Create a wrapper which holds the rating and is comparable. Something like:
public void sort(Datum[] data) {
Rating[] ratings = new Rating[data.length];
for(int i=0;i<data.length;i++)
rating[i] = new Rating(data[i]);
Arrays.sort(rating);
for(int i=0;i<data.length;i++)
data[i] = rating[i].datum;
}
class Rating implements Comparable<Datum> {
final double rating;
final Datum datum;
public Rating(Datum datum) {
this.datum = datum;
rating = datum.field1 * 0.5 + datum.field2 * 1.4 + datum.field3 * 1.8
}
public int compareTo(Datum d) {
return Double.compare(rating, d.rating);
}
}
Implement your own similarity class and override idf(Term, Searcher) method.

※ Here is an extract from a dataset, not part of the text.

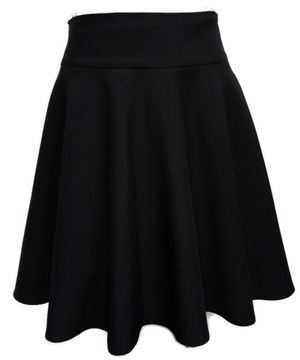 классическая юбка с колесами * черная * 140/146 см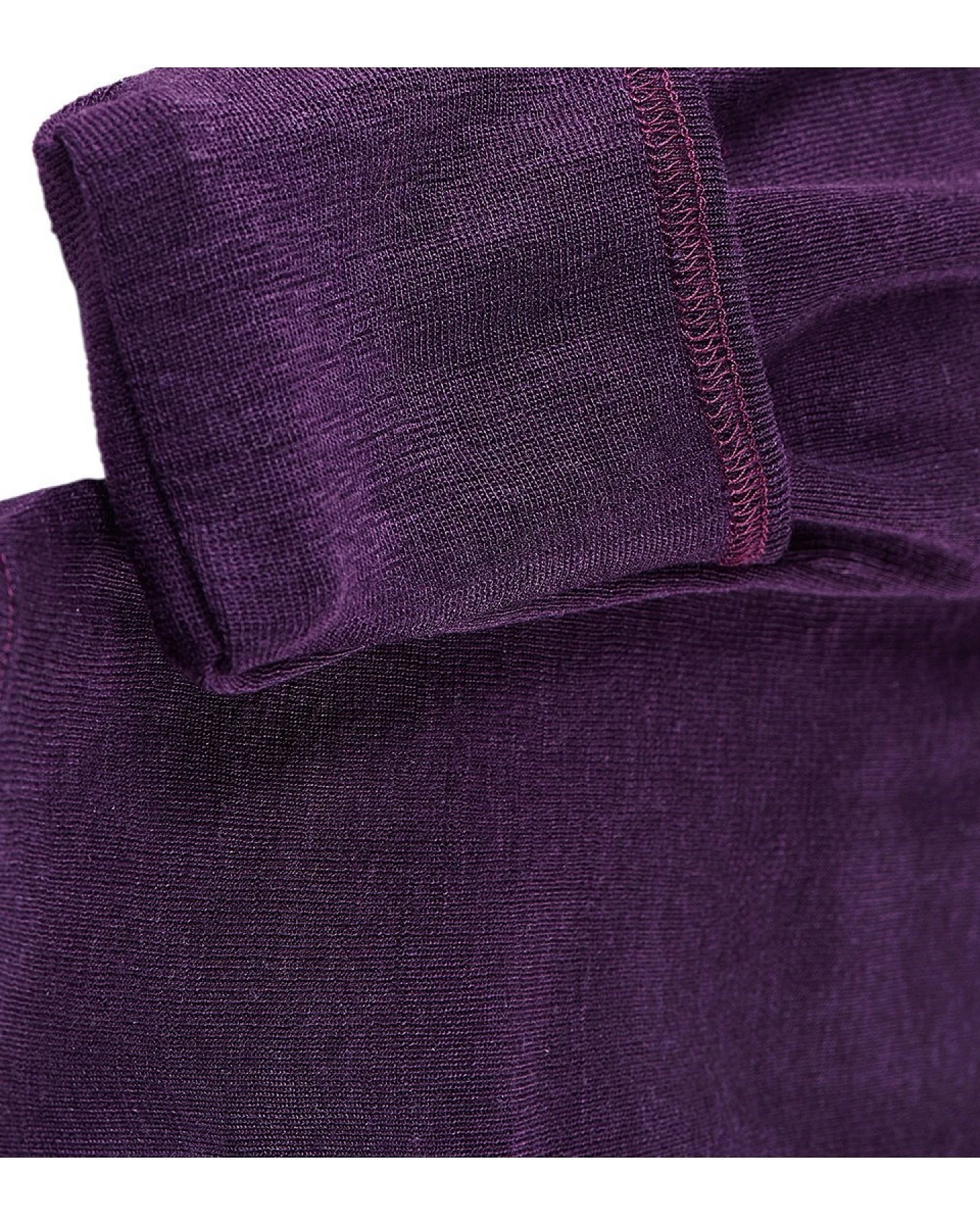 Cosilana Baby Hose mit Kratzschutz Wolle Seide lila Gr.50/56 – Ansicht 2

In this method, you can return the score as follows. if (term.field.equals("field1") {
if (term.field.equals("field1") {
score = 0.5 * Integer.parseInt(term.text());
} else if (term.field.equals("field2") {
score = 1.4 * Integer.parseInt(term.text());
} // and so on
return score;
When you execute the query, make sure it is on all the fields. That is query should look like
field1:term field2:term field3:term
The final score will also add some weights based on the query normalization. But, that will not affect the relative ranking of the documents as per the equation given by you.